Our increasing understanding of the authoring process for virtual characters and the representation of dialogue policies has allowed for the creation of characters that display complex dialogue behavior, and even for characters with a more straightforward conversational style to be authored by users with no expertise in dialogue systems or AI, in which a simple authoring task can be performed by non-programmers who simply link input questions directly to the output answers the character should give. However, to date, it is challenging even for expert programmers to create a Virtual Human to support more flexible and varied human-like behavior due to the complexity and level of technical detail involved in authoring a dialogue policy, an error-prone and time-consuming process.

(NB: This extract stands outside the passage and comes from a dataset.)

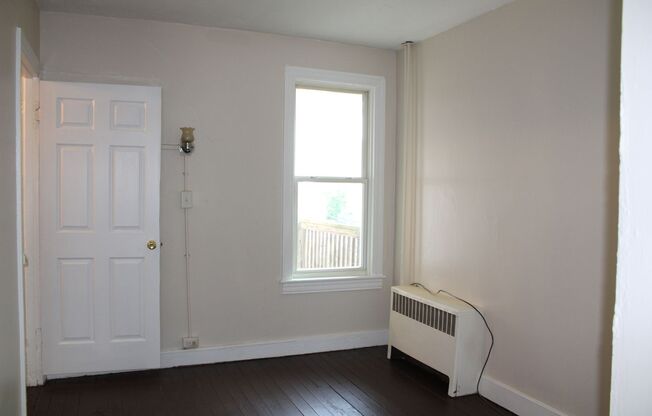 2 beds, 1 bath, $1,195, Unit 2nd Fl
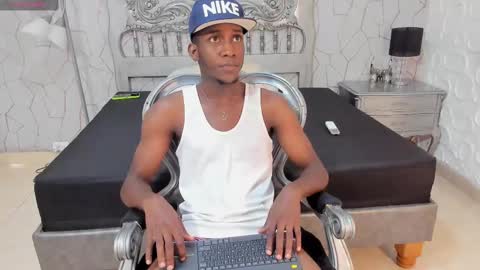 Snapshot of blackbiecock chatting on 02-25-25, 03:31 blackbiecock online show from 02-25-25, 03:31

Even a simple training need such as offering secrecy in exchange for specific information, or other kinds of negotiation that play out over time, has required significant time from a highly skilled computer programmer or researcher who is intimate with the details of the system and could author an effective dialogue policy that is tightly coupled to the underlying representations and data structures.

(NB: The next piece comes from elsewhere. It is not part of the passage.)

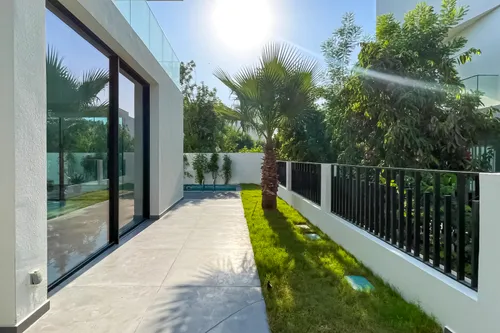 5 Bedrooms Villa in Chorisia 1 Villas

This project aims to eliminate this bottleneck by developing authoring tools following a new paradigm for intuitive example-driven authoring, where a process carried out by non- programmers yields dialogue policies that are sophisticated and robust enough to meet straightforward training goals such as Tactical Questioning strategies. The novelty of our approach lies in the way in which we will exploit machine learning algorithms to make it possible to keep an intuitive authoring task – one in which the author needs only to specify what the character should say next in a specific situation, or if it would be acceptable for the character to say a specific sentence – while having the system automatically learn a robust dialogue policy in terms of its existing representations from these interactions. The use of online learning will allow the system to update and improve its policy at every step of the authoring task, making the process efficient by targeting authoring of new examples to specific needs of the system, and using the author’s intuitive judgment to converge at behavior for which specification through manually crafted rules would be too complex for non-programmers to create.